Dari data PA Kota Depok, angka perceraian sampai dengan periode Juli 2019 telah mencapai 2.532 kasus. Jumlah ini diprediksi bakal terus bertambah dibanding tahun sebelumnya, yang mencapai 3.525 kasus.
“Penyebab gugatan cerai yang paling banyak adalah perselisihan dan pertengkaran secara terus menerus dan tidak dapat lagi untuk disatukan atau di selesaikan. Dari sekian alasan, paling banyak dipicu penggunaan media sosial yang tinggi dan tidak bijaksana. Termasuk adanya pihak ketiga dalam urusan rumah tangga,” ujar Humas Pengadilan Agama Depok, Dindin Syarief, Minggu, (21/7/2019), sebagaimana dilansir dari depoktren.
Dindin, menambahkan, banyaknya gugatan cerai tidak membuat PA Kota Depok dengan mudah mengabulkan permohonan perceraian.
“Pengadilan sudah berupaya secara maksimal untuk upaya damai. Sebagaimana digariskan dalam undang-undang perkawinan pasal 82 ayat 1 pada sidang pertama itu hakim wajib mendamaikan. Apalagi sekarang adanya peraturan mediasi, bahwa setiap perkara perdata dalam hal ini perceraian yang diajukan suami istri wajib dilakukan mediasi,” jelas Dindin.
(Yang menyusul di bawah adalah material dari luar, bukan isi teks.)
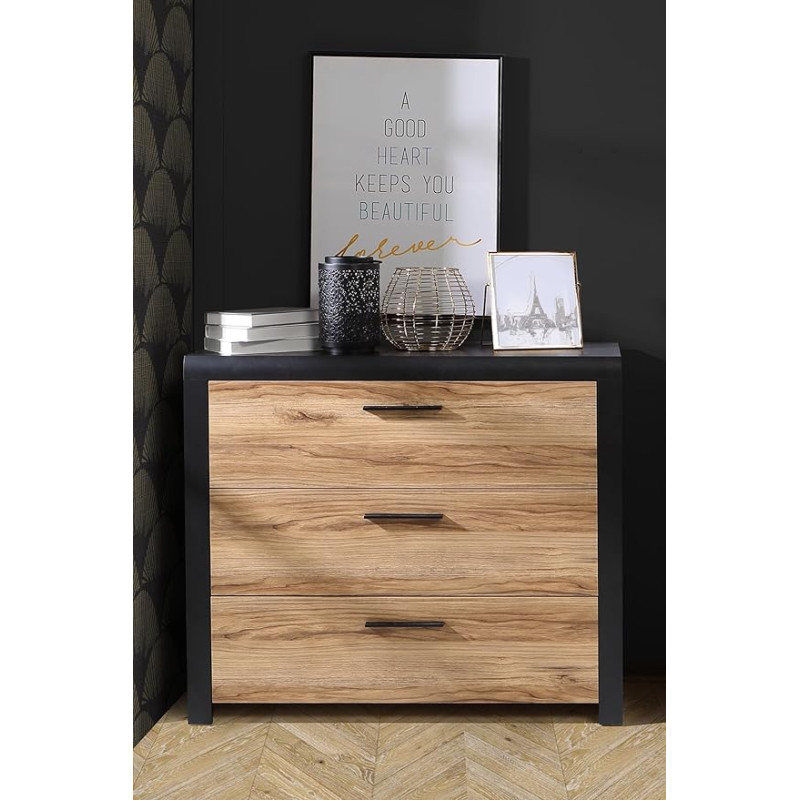 Forte Dalate 3 sahtliga kapp, puukomposiit, Catania tammepuit/must, S x K x M: 101,1 x 88 x 41 cm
Ilustrasi Seorang wanita tengah memegang akta cerai (istw) |
Upaya Pengadilan Agama untuk meminimalisir tingkat perceraian akan terus dilakukan secara maksimal, dan bahkan mediasi bisa dilakukan di luar persidangan.
“Jadi, biasanya kalau ada perkara masuk ditindaklanjuti dengan mediasi pada sidang pertama, kemudian kita tunggu sidang kedua. Nah, yang kedua kita damaikan lagi. Kalau tidak bisa didamaikan baru diperiksa perkaranya. Sidang ketiga untuk jawaban, didamaikan lagi,” tutur Didin.
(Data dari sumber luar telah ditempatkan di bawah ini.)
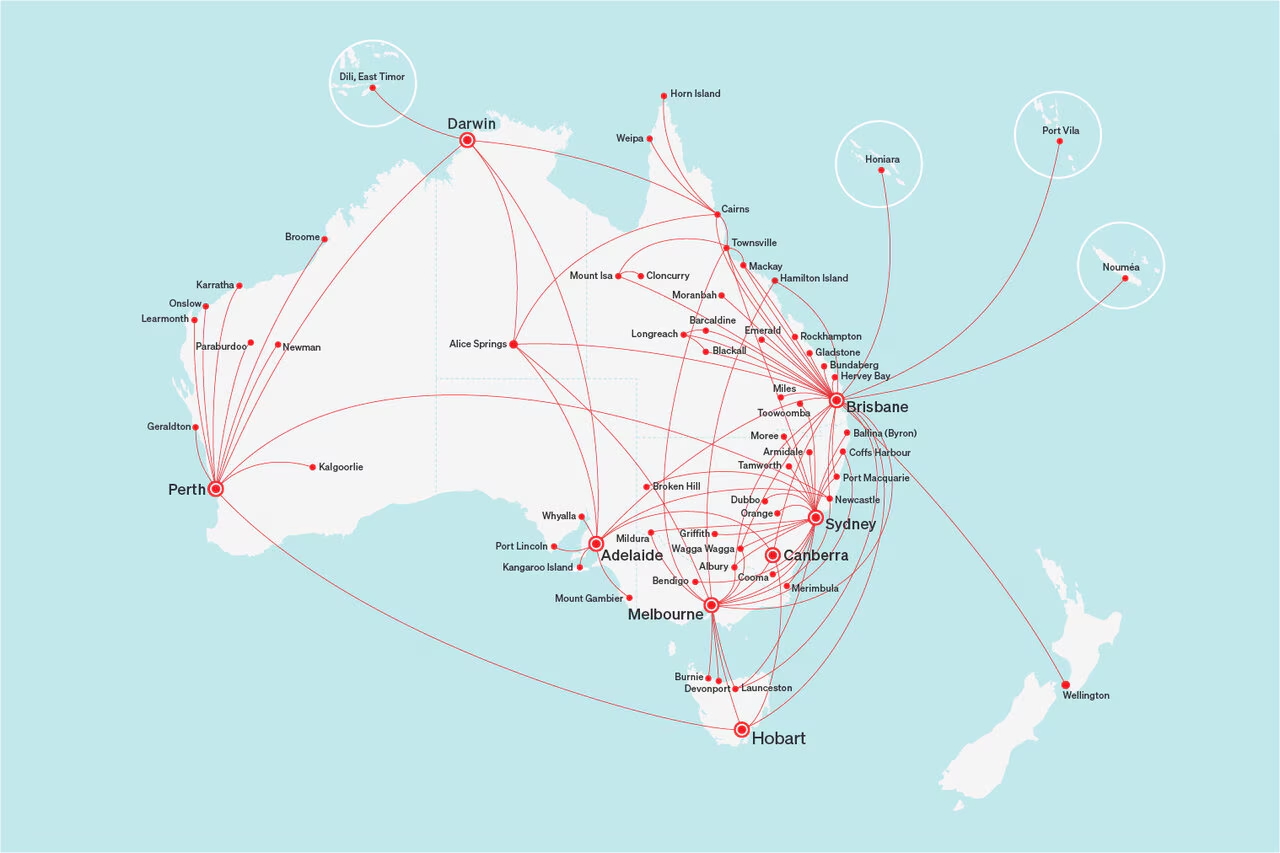 QantasLink route network QantasLink route network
Menurut Dindin, kalau dirata-ratakan perkara gugatan perceraian yang masuk ke PA Kota Depok setiap harinya 15 sampai 20 perkara.
Ilustrasi status Janda dan Duda (istw) |
“Pihak yang berperkara wajib menyertakan bukti berikut saksi. Dan, biasanya dokumen print out sering dilakukan oleh kuasa hukum. Kami berpesan kepada semua pihak, terutama pasangan suami istri, agar menjaga kepercayaan. Apalagi di era media sosial saat ini. Sekali lagi saya tegaskan penggunaan medsos yang tidak bijaksana menjadi pemicu perselisihan dan pertengkaran,” tukas Dindin.
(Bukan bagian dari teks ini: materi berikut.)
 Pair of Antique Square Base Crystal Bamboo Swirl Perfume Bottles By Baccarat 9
Sementara, salah seorang janda muda, sebut saja, Andara (23 tahun) mengatakan bahwa dirinya lebih memilih jadi janda daripada menjalani hubungan istri yang selalu bertengkar. “Saya memilih jadi janda daripada berantem terus. Hidup itu yang dicari kebahagiaan,” tandas wanita yang berdomisili di Sawangan ini, dan menurut pengakuannya dirinya sudah 1 tahun hidup berstatus janda.